What you have to do
An exact copy of the entries is needed, with every line included.

Entries shown
+++

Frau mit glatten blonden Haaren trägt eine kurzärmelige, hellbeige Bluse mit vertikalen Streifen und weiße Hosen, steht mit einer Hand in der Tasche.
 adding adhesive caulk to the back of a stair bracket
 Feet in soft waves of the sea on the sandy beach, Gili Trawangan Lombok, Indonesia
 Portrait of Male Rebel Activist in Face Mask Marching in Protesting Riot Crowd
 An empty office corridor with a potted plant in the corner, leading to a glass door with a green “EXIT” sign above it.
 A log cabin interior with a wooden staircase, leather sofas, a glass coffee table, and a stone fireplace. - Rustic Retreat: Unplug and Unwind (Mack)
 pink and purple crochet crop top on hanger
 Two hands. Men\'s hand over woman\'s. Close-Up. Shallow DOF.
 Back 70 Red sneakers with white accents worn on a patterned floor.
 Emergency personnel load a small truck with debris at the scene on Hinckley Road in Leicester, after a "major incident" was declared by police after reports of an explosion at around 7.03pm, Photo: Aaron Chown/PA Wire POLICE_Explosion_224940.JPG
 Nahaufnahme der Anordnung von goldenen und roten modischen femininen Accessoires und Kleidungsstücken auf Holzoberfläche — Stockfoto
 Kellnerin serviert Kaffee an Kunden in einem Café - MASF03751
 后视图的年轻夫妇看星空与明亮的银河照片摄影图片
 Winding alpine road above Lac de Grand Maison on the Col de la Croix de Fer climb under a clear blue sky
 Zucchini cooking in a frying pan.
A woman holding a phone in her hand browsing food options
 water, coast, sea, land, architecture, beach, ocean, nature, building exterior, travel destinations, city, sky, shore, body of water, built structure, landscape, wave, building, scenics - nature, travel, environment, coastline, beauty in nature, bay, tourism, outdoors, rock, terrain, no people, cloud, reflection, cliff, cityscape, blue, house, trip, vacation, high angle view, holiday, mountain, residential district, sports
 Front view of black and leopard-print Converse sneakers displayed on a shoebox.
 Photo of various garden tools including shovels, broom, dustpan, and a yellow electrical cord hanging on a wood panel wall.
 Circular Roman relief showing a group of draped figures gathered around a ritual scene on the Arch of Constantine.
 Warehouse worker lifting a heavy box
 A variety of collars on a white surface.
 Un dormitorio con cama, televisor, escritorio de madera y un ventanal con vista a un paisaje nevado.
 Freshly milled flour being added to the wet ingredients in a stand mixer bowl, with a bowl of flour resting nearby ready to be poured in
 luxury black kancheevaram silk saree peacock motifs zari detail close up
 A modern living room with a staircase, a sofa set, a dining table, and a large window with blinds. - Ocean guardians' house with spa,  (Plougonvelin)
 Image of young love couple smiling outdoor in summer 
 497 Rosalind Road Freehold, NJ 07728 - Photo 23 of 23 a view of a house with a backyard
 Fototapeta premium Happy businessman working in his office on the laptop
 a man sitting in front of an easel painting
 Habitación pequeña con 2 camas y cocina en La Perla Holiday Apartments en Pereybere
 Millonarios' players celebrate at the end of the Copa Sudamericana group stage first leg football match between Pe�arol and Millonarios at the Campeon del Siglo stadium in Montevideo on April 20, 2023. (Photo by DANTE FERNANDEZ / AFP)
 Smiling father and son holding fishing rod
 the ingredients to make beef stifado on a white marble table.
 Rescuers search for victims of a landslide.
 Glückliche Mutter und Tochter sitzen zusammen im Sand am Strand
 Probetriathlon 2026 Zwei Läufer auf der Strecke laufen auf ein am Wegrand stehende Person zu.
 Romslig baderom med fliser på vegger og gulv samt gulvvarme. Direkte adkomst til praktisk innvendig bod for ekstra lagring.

+++

Exercise solution
Frau mit glatten blonden Haaren trägt eine kurzärmelige, hellbeige Bluse mit vertikalen Streifen und weiße Hosen, steht mit einer Hand in der Tasche.
 adding adhesive caulk to the back of a stair bracket
 Feet in soft waves of the sea on the sandy beach, Gili Trawangan Lombok, Indonesia
 Portrait of Male Rebel Activist in Face Mask Marching in Protesting Riot Crowd
 An empty office corridor with a potted plant in the corner, leading to a glass door with a green “EXIT” sign above it.
 A log cabin interior with a wooden staircase, leather sofas, a glass coffee table, and a stone fireplace. - Rustic Retreat: Unplug and Unwind (Mack)
 pink and purple crochet crop top on hanger
 Two hands. Men\'s hand over woman\'s. Close-Up. Shallow DOF.
 Back 70 Red sneakers with white accents worn on a patterned floor.
 Emergency personnel load a small truck with debris at the scene on Hinckley Road in Leicester, after a "major incident" was declared by police after reports of an explosion at around 7.03pm, Photo: Aaron Chown/PA Wire POLICE_Explosion_224940.JPG
 Nahaufnahme der Anordnung von goldenen und roten modischen femininen Accessoires und Kleidungsstücken auf Holzoberfläche — Stockfoto
 Kellnerin serviert Kaffee an Kunden in einem Café - MASF03751
 后视图的年轻夫妇看星空与明亮的银河照片摄影图片
 Winding alpine road above Lac de Grand Maison on the Col de la Croix de Fer climb under a clear blue sky
 Zucchini cooking in a frying pan.
A woman holding a phone in her hand browsing food options
 water, coast, sea, land, architecture, beach, ocean, nature, building exterior, travel destinations, city, sky, shore, body of water, built structure, landscape, wave, building, scenics - nature, travel, environment, coastline, beauty in nature, bay, tourism, outdoors, rock, terrain, no people, cloud, reflection, cliff, cityscape, blue, house, trip, vacation, high angle view, holiday, mountain, residential district, sports
 Front view of black and leopard-print Converse sneakers displayed on a shoebox.
 Photo of various garden tools including shovels, broom, dustpan, and a yellow electrical cord hanging on a wood panel wall.
 Circular Roman relief showing a group of draped figures gathered around a ritual scene on the Arch of Constantine.
 Warehouse worker lifting a heavy box
 A variety of collars on a white surface.
 Un dormitorio con cama, televisor, escritorio de madera y un ventanal con vista a un paisaje nevado.
 Freshly milled flour being added to the wet ingredients in a stand mixer bowl, with a bowl of flour resting nearby ready to be poured in
 luxury black kancheevaram silk saree peacock motifs zari detail close up
 A modern living room with a staircase, a sofa set, a dining table, and a large window with blinds. - Ocean guardians' house with spa,  (Plougonvelin)
 Image of young love couple smiling outdoor in summer 
 497 Rosalind Road Freehold, NJ 07728 - Photo 23 of 23 a view of a house with a backyard
 Fototapeta premium Happy businessman working in his office on the laptop
 a man sitting in front of an easel painting
 Habitación pequeña con 2 camas y cocina en La Perla Holiday Apartments en Pereybere
 Millonarios' players celebrate at the end of the Copa Sudamericana group stage first leg football match between Pe�arol and Millonarios at the Campeon del Siglo stadium in Montevideo on April 20, 2023. (Photo by DANTE FERNANDEZ / AFP)
 Smiling father and son holding fishing rod
 the ingredients to make beef stifado on a white marble table.
 Rescuers search for victims of a landslide.
 Glückliche Mutter und Tochter sitzen zusammen im Sand am Strand
 Probetriathlon 2026 Zwei Läufer auf der Strecke laufen auf ein am Wegrand stehende Person zu.
 Romslig baderom med fliser på vegger og gulv samt gulvvarme. Direkte adkomst til praktisk innvendig bod for ekstra lagring.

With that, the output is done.